The Getty Research Institute’s Nitrate Negative Collections
This past year, Pixel Acuity partnered with the Getty Research Institute (GRI) to digitize their nitrate negative collections. Due to the fragile nature and unique storage concerns of the GRI’s nitrate negative holdings, these materials were unavailable for many years. After digitization, the 6,000+ images will be added into the Library Catalog and freely available for the public to view. The negatives represent a few different collections, including Harald Szeemann papers, The French and Company photographic archive of fine and decorative arts, and Malvina Hoffman papers, and as such, their content varies widely.
The images depict an artists’ community in Switzerland, stock photos from an NYC-based art dealership, and work by a prominent female sculptor documenting her life and surroundings. Through the Nitrate Digitization Project, the Getty Research Institute had an opportunity to increase access to collections that were previously unavailable to researchers.
Above, film samples show nitrate film degradation.
Above, a member of the Pixel Acuity team digitizes a piece of nitrate film.
Although great care and consideration is always taken while handling a collection for digitization, the nature of nitrate film requires specialized environment, storage, and handling workflows throughout the digitization process. This particular project also consisted of several different collections with various sizes of film in various states of physical processing and organization.
The collections consisted of over 6000 individually cut pieces of nitrate film, as well as several hundred pieces of reflective ephemera, some of which dated back over 100 years. Given the diverse nature and scope of these collections, we had to customize our approach, figuring out how best to adapt to the different film formats and specifications while maintaining the care and physical preservation of a fragile collection.
Unique Solutions for Nitrate Film
In order to create the optimal environment for nitrate storage and for digitization, we worked with a professional conservator provided by the GRI to predetermine the ideal temperature and humidity control as well as air purity for the nitrate materials. The conservator also conducted an initial review of the condition of the nitrate materials with our team prior to beginning production.
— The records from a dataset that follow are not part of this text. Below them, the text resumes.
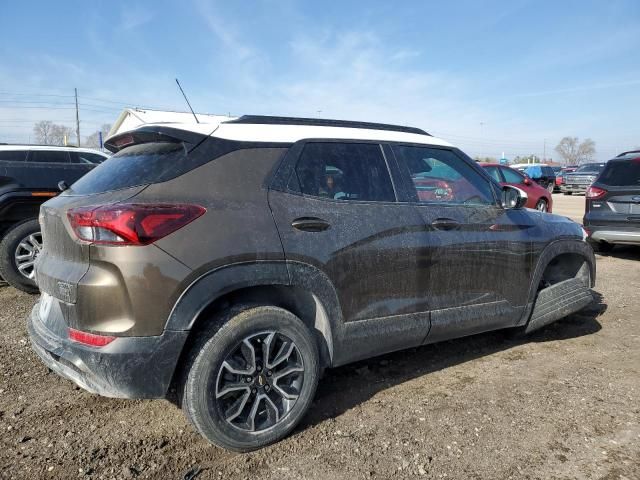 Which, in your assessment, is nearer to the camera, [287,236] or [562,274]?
[287,236]

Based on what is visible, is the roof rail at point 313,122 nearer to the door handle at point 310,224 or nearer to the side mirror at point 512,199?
the door handle at point 310,224

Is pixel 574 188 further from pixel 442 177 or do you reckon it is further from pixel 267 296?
pixel 267 296

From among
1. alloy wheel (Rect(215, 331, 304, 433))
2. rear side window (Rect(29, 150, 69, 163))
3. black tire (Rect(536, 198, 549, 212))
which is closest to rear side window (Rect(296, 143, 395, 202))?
alloy wheel (Rect(215, 331, 304, 433))

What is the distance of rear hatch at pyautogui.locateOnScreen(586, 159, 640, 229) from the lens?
787 cm

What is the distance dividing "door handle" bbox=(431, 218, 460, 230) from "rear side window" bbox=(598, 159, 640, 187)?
20.0 ft

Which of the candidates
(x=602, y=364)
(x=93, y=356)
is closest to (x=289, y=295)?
(x=93, y=356)

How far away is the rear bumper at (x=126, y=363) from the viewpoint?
7.83 feet

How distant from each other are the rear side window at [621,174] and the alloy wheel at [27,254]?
28.1 ft

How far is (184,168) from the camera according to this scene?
2617 millimetres

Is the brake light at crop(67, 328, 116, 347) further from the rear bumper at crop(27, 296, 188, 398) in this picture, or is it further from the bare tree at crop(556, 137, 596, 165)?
the bare tree at crop(556, 137, 596, 165)

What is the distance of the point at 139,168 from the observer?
270 centimetres

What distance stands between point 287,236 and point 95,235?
969 mm

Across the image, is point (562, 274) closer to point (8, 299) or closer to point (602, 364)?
point (602, 364)

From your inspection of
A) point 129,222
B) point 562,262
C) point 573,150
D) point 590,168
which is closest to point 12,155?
point 129,222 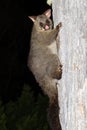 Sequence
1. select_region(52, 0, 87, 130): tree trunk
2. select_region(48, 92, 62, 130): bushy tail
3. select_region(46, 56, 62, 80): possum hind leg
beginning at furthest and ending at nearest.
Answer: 1. select_region(48, 92, 62, 130): bushy tail
2. select_region(46, 56, 62, 80): possum hind leg
3. select_region(52, 0, 87, 130): tree trunk

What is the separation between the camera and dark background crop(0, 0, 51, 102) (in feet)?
40.5

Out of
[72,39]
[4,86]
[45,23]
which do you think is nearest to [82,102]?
[72,39]

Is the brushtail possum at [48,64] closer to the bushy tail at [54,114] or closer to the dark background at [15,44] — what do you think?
the bushy tail at [54,114]

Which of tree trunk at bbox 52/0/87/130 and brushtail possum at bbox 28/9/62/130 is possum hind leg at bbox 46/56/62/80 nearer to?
brushtail possum at bbox 28/9/62/130

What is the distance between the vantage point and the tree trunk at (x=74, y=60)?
15.2ft

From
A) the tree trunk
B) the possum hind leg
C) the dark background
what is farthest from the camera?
the dark background

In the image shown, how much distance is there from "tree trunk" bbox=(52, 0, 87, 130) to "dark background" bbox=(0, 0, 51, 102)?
7288 mm

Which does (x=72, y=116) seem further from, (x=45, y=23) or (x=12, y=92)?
(x=12, y=92)

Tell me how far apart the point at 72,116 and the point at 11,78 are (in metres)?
7.85

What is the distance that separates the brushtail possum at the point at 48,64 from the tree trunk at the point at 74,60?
0.21 m

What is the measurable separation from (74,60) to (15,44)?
7789 millimetres

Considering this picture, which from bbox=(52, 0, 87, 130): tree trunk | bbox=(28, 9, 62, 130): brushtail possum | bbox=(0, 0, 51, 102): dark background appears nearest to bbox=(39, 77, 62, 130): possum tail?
bbox=(28, 9, 62, 130): brushtail possum

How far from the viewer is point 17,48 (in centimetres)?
1261

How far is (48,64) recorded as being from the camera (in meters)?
5.88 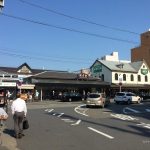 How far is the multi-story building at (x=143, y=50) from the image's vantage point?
98394 millimetres

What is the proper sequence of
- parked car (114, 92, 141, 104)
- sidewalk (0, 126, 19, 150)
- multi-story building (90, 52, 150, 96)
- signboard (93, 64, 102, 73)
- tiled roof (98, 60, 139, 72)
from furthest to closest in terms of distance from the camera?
signboard (93, 64, 102, 73) → tiled roof (98, 60, 139, 72) → multi-story building (90, 52, 150, 96) → parked car (114, 92, 141, 104) → sidewalk (0, 126, 19, 150)

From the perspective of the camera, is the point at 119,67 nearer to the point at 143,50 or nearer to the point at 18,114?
the point at 143,50

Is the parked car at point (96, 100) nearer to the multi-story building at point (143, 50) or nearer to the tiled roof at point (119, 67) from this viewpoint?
the tiled roof at point (119, 67)

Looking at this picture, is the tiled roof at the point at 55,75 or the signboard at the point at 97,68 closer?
the tiled roof at the point at 55,75

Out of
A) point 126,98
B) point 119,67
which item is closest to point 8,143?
point 126,98

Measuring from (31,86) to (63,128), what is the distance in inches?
1937

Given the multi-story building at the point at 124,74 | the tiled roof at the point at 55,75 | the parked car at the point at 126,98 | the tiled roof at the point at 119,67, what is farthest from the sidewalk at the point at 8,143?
the tiled roof at the point at 119,67

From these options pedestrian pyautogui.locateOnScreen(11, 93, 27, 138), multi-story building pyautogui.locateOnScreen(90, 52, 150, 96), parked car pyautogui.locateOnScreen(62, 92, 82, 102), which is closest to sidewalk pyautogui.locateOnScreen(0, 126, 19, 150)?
pedestrian pyautogui.locateOnScreen(11, 93, 27, 138)

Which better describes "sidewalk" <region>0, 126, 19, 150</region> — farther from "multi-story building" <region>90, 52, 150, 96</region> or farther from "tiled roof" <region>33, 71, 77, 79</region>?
"multi-story building" <region>90, 52, 150, 96</region>

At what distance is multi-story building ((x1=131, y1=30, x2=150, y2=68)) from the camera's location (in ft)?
323

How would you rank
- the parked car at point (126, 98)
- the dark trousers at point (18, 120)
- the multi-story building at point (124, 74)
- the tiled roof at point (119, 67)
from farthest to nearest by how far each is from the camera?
the tiled roof at point (119, 67)
the multi-story building at point (124, 74)
the parked car at point (126, 98)
the dark trousers at point (18, 120)

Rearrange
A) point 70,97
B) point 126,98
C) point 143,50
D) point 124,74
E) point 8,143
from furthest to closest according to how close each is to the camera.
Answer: point 143,50, point 124,74, point 70,97, point 126,98, point 8,143

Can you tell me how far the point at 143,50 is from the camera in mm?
100312

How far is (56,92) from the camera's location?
7175 centimetres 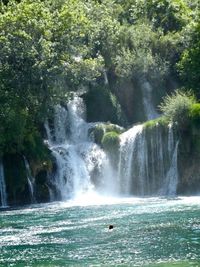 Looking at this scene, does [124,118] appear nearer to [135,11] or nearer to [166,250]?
[135,11]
In order to facilitate rapid capture production while maintaining best handling practices for nitrate film digitization, we organized the collection according to size prior to production, which allowed us to tailor our approach to each type of film. Once we had organized the film according to five previously-agreed upon distinct resolutions based on size, we were able to optimize efficiency within the production workflow and ensure a high-quality digital image for all of the different sizes using a 150mp sensor. During the digitization process itself, we also used the DT Film Scanning Kit and its customized film carriers for contact-free scanning, resulting in the rapid digitization of many different sizes of film without touching the image area or putting the fragile material at greater risk.
Above, Pixel Acuity digitizes nitrate film.
In order to provide the highest quality images for all film format sizes, we received the request to digitize 8×10 film at a high resolution of 1700 pixels per inch (ppi). While such a high ppi provides an undeniably high-resolution digital capture with all information included, it is difficult to attain within a given camera’s field of view. In order to achieve this, we utilized a 2-shot method and our DT Batch Script to seamlessly integrate the 2 images and create one holistic, high-quality digital image. This workflow was useful in handling the larger film formats that we came across while maintaining the highest-level preservation-grade FADGI standards.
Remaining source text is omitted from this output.